Dr. Nair and Mrs. Gandhi at NMNH
Dr. Nair and Mrs. Gandhi at NMNH

Four hectic years followed, when the conceptualization, planning and execution was done by a dedicated core team including Shri D.P.Singh, S.K. Saraswat, B. Venugopal and several others. Dr. Nair visited the best Natural History Museums around the world. He got several artists and model-makers trained at the best centres in the world. And the National Museum of Natural History opened its doors to the public on June 5, 1978 (Environment Day). Subsequently, Regional Museums of Natural History came up in Mysore, Bhopal and Bhubaneswar  under Dr. Nair’s guidance.

The stuffed rhino that greeted one on the ground floor of the FICCI building where NMNH was housed, will surely be in the memories of many a Delhi school child. The rhino had died a natural death at the Delhi Zoo, and was stuffed and kept here.
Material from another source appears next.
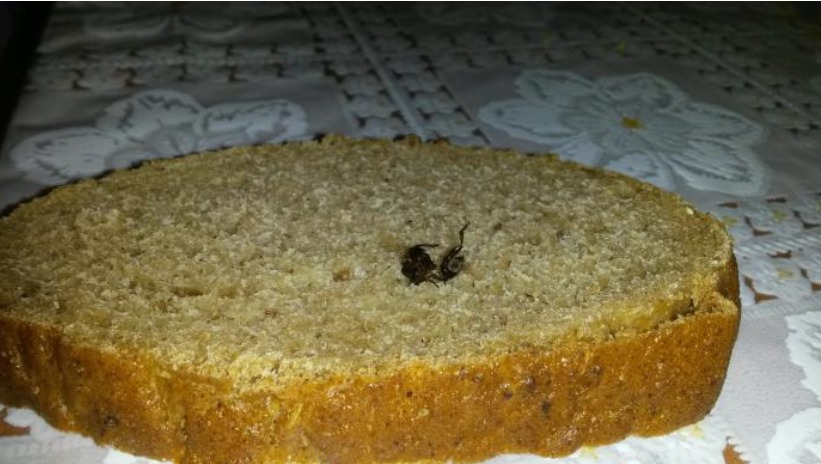 5 шокирующих вещей, найденных кишинёвцами в продуктах питания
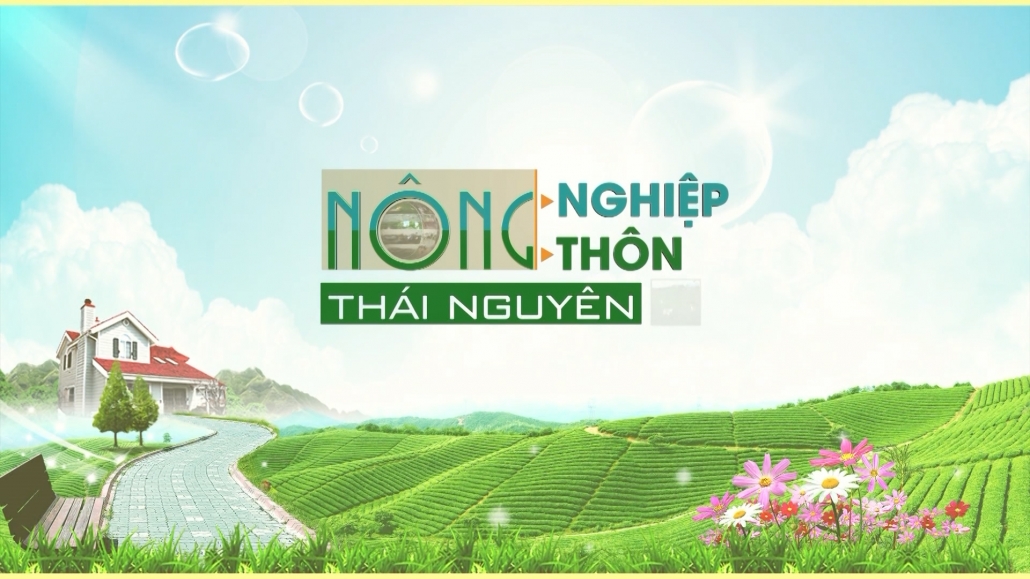 Chuyên mục Nông nghiệp nông thôn ngày 2/11/2022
The effort in NMNH was always to make the experience interactive for children. For those times, when most museums were static displays, this focus was unusual. The Museum also had a major thrust on outreach and extension. It had an active teacher training and orientation programme, which reached out to thousands of educators in its time.

Dr. Nair had a personal connect with every exhibit and activity at NMNH, and continued to take an interest in it even after his retirement in the late ‘90s. What he must have gone through on 26th April 2016, when the news of a fire breaking out in the museum and destroying the entire collection, can only be imagined.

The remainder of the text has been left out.